TASK INSTRUCTIONS: Write out again, word for word, the lines below from the line that holds "Good morning to" through the line that holds "We have 5 properties", omitting pictures.

PROVIDED DATA:
>>
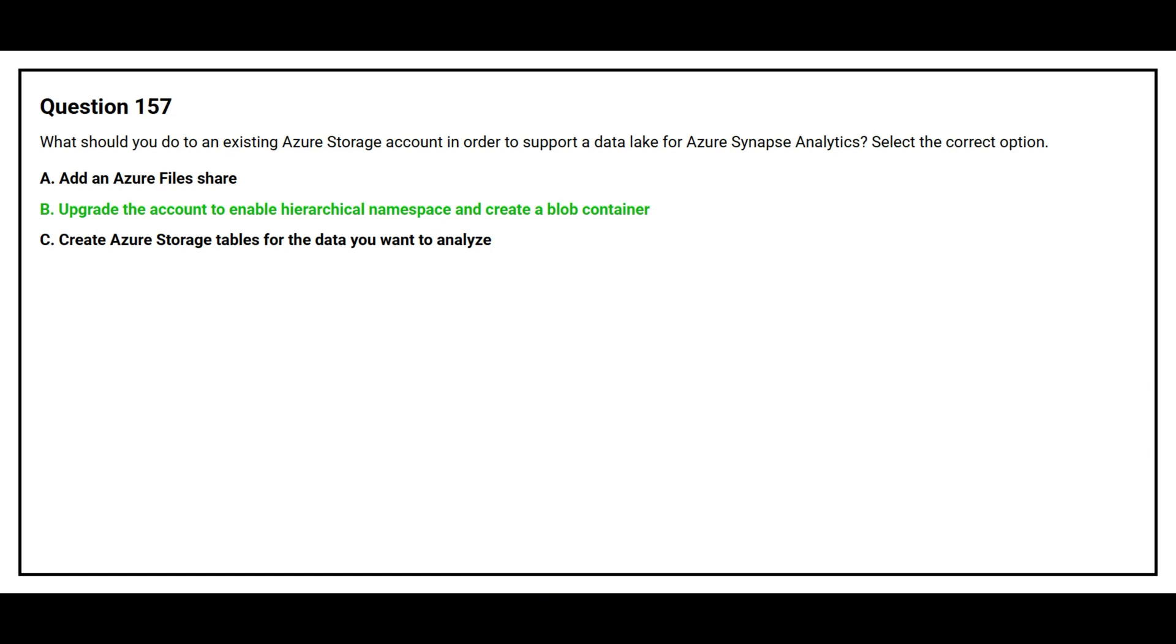The correct answer is option B. Upgrade the account to enable hierarchical namespace and create a blob container.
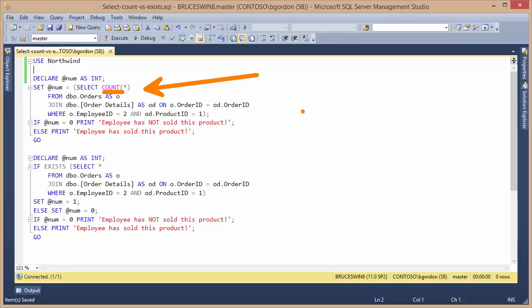In this particular example, all I'm using the COUNT function for is to determine whether or not there are any rows from the JOIN tables, order details, and the orders table.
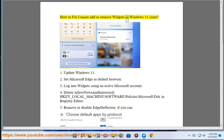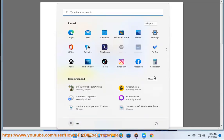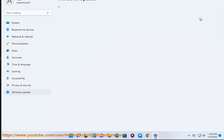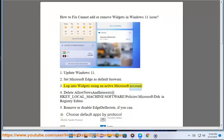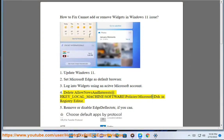How to fix cannot add or remove widgets in Windows 11. Step 1: Update Windows 11. Step 2: Set Microsoft Edge as default browser. Step 3: Log into widgets using a Microsoft account. Step 4: Delete 'allow news and interests' at HKEY_LOCAL_MACHINE\Software\Policies\Microsoft\Dsh in Registry Editor.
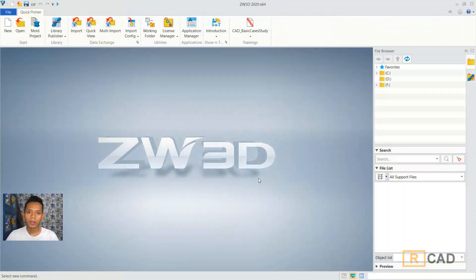Hello everyone, welcome back again to MUFASU CAD channel with GW3D modeling basic tutorial. Today I will create a simple box frame.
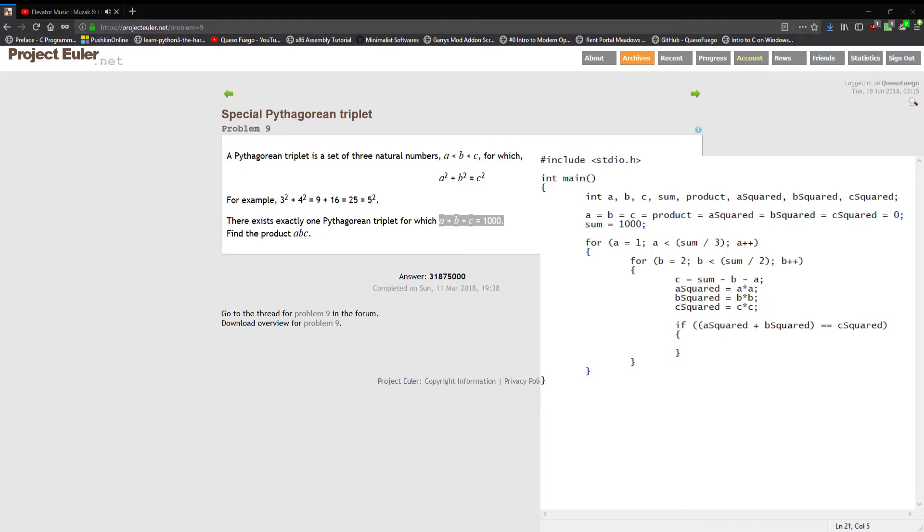And since this problem is clearly stated there is exactly one Pythagorean triplet, once we found our Pythagorean triplet then we're done with the problem because only one exists for these three a, b, and c under a thousand which is our sum. At this point we have our answer. I'm just gonna print out what they are, gonna print out a, b, and c just because I'm curious.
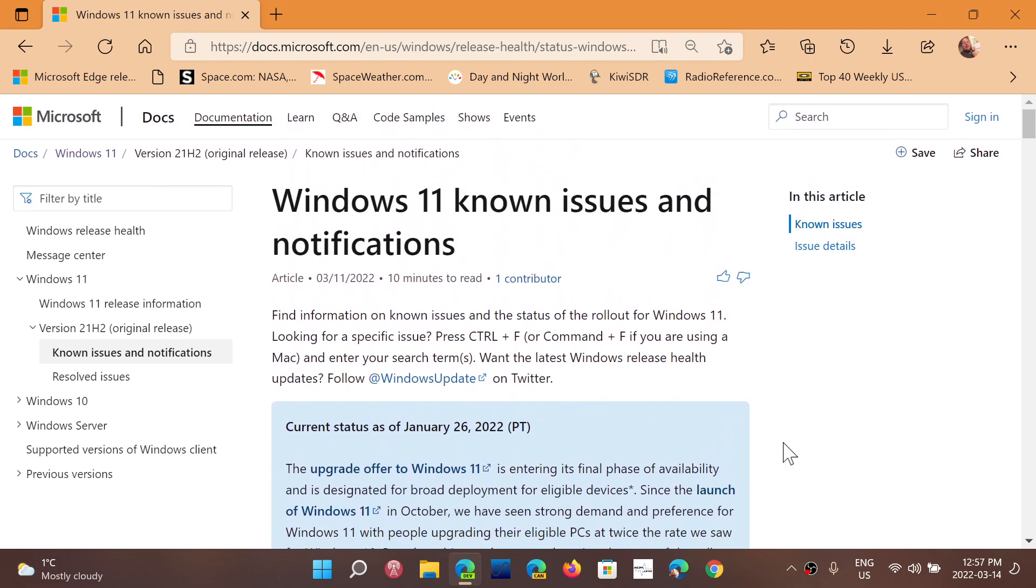This is interesting because it's obvious that Microsoft doesn't address every single thing here, but in general it is actually a page to still go and check out because the most important problems that Windows might have are in this page. I will share the page once again.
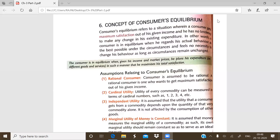Good morning to all of you. Today we will discuss our next concept from chapter number three — the concept of consumer equilibrium. Up to the previous topic, we have studied about the concept of utility, the two different ways to measure utility: total utility and marginal utility, and the relation between both of those utilities.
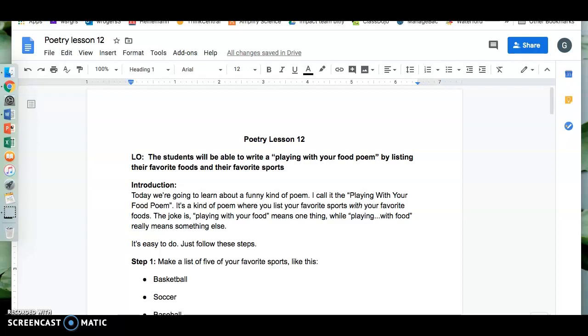Today we're going to learn about a funny kind of poem. I call it the playing with your food poem. It's a kind of poem where you list your favorite sports with your favorite foods. The joke is playing with your food means one thing while playing with food really means something else. It's easy to do. Just follow these steps.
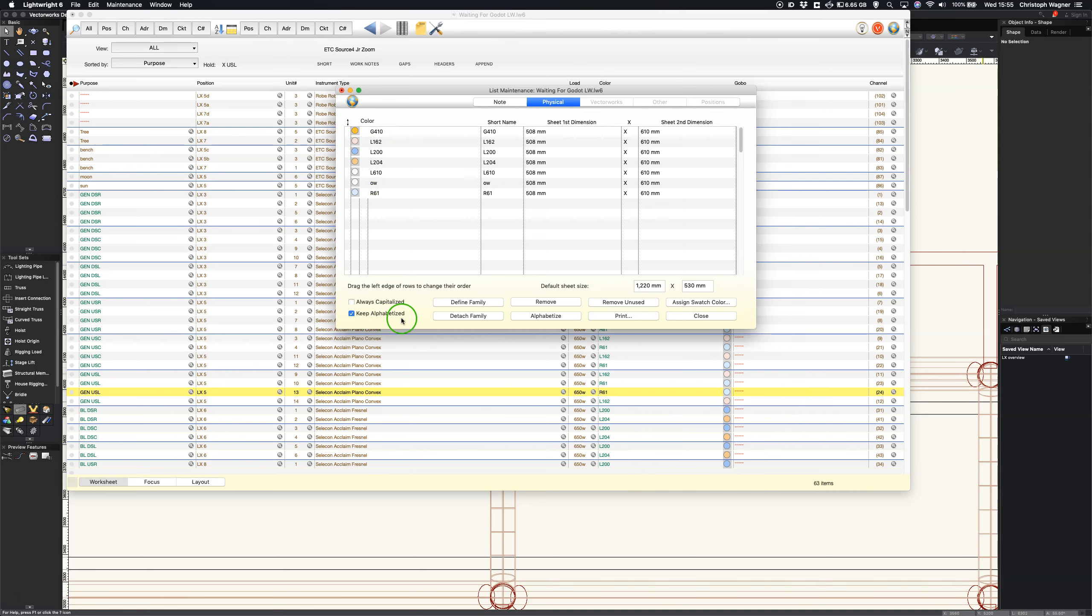The next thing I can do is define a family. So if I select all of my Lees, shift select all of my Lees and I click on define family. I'm going to call it Lees.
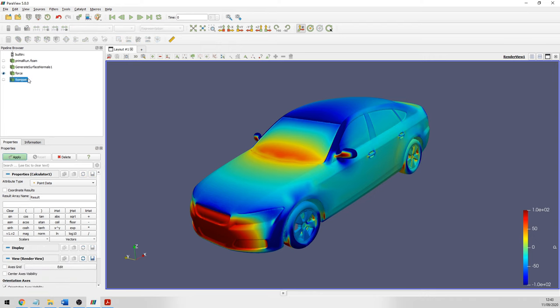We're going to add a second calculator to calculate the torque value. We call it 'torque', and the formula calculates the torque itself — the cross product for the different axes. So: cross of two vectors — one is the force vector we just calculated, and the second is the location of a point in space, written as: 0*iHat + 0*jHat + 0*kHat plus the coordinates of the point — which calculates the torque value for each face of the mesh on the car.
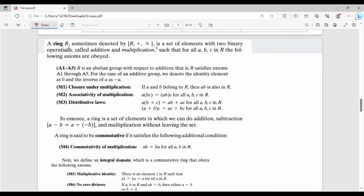We have 5 properties — not just 4 as in the previous group — that is Axioms 1 to 5 (A1 to A5). Ring R is a set of elements with 2 binary operations: addition and multiplication. The mandatory properties are closure, associativity, distributive law, identity, inverse, and commutative. The addition closure under multiplication and associativity of multiplication are included.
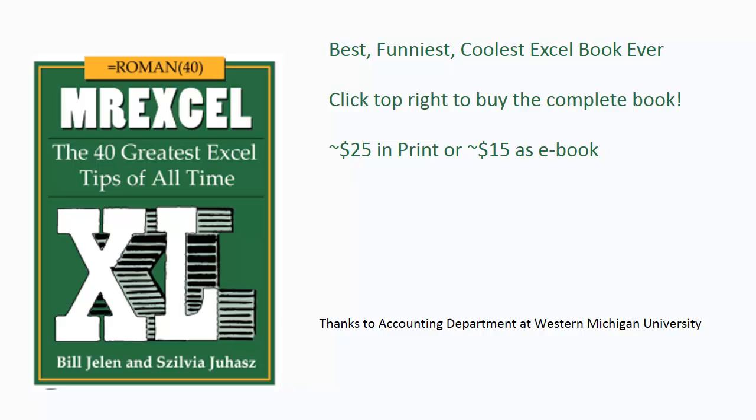All right, again, that's just one more tip from the book, MrExcel Excel. Click that little I up in the top right-hand corner right now to be taken to a page where you can buy this book. Thanks to the Accounting Department at Western Michigan University for this great tip, and thanks to you for stopping by. We'll see you next time for another netcast from MrExcel.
<<
EXERCISE RESULT:
Good morning to all of you. Today we will discuss our next concept from chapter number three — the concept of consumer equilibrium. Up to the previous topic, we have studied about the concept of utility, the two different ways to measure utility: total utility and marginal utility, and the relation between both of those utilities.
Today we're going to learn about a funny kind of poem. I call it the playing with your food poem. It's a kind of poem where you list your favorite sports with your favorite foods. The joke is playing with your food means one thing while playing with food really means something else. It's easy to do. Just follow these steps.
The next thing I can do is define a family. So if I select all of my Lees, shift select all of my Lees and I click on define family. I'm going to call it Lees.
We're going to add a second calculator to calculate the torque value. We call it 'torque', and the formula calculates the torque itself — the cross product for the different axes. So: cross of two vectors — one is the force vector we just calculated, and the second is the location of a point in space, written as: 0*iHat + 0*jHat + 0*kHat plus the coordinates of the point — which calculates the torque value for each face of the mesh on the car.
We have 5 properties — not just 4 as in the previous group — that is Axioms 1 to 5 (A1 to A5). Ring R is a set of elements with 2 binary operations: addition and multiplication. The mandatory properties are closure, associativity, distributive law, identity, inverse, and commutative. The addition closure under multiplication and associativity of multiplication are included.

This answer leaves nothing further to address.